AAG President Selects Four LSU Geography Alumni for Plenary Session
April 1, 2018
The AAG announced President Derek Alderman’s 2018 Presidential Plenary: “When the Big Easy Isn’t So Easy: Learning from New Orleans’ Geographies of Struggle.” The session will be held during the annual AAG meeting in New Orleans in April 2018.
“When the Big Easy Isn’t So Easy” creates a space to explore the role of struggle in the making, unmaking, and remaking of New Orleans. The city’s development has long been a power-laden process in which multiple identities, histories, and social interests converge, mix, but also clash.
Panelists, all of whom are civically engaged scholars and gifted geographic storytellers, will highlight not only the (Post) Katrina experience but also the deeper historical and geographic roots of struggle in New Orleans.
Among the panel are:
Richard Campanella, a prolific author of several books on New Orleans, including his most recent Bourbon Street, and also producer of lively online content. He earned his M.S. in 1993. Currently he is a geographer with the Tulane School of Architecture and arguably is the unofficial geographer-in-residence for New Orleans.

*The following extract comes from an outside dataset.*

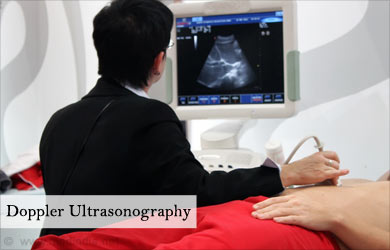 Doppler Ultrasonography Doppler Ultrasonography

Michael Crutcher completed his Ph.D. in 2001. His dissertation focused on the struggles to protect public space in the Tremé neighborhood in New Orleans and appeared in book from as Tremé: Race and Place in a New Orleans Neighborhood in 2010.
Rebecca Sheehan earned her Ph.D. in 2006 with a dissertation that explored the struggles to define public use of the French Quarter. She is currently an Associate Professor of Geography at Oklahoma State University and is working on issues related to public monuments.
Craig Colten left LSU in 1978 with an M.A. degree in geography. After a number of years pursuing his Ph.D. and subsequently working in government, the private sector, and the academy he returned to teach at LSU in 2000. In 2005 he published An Unnatural Metropolis: Wresting New Orleans from Nature.
Two other panelists are Laura Pulido at the University of Oregon and Catarina Passidomo at the University of Mississippi.
Alderman recruited panelists who are civically engaged scholars and gifted geographic storytellers. They will take the audience to evocative spaces and moments, using the opening session to open broader discussions of issues such as black lives and geographies, disaster response and recovery, food justice, water-society relations, the politics of public memory, and urban political economy. Panelists will reflect on the larger academic-political lessons from New Orleans, offer ideas for (re)imagining the future of this city and others, and demonstrate how geographers can learn from and with the host cities for our AAG meetings.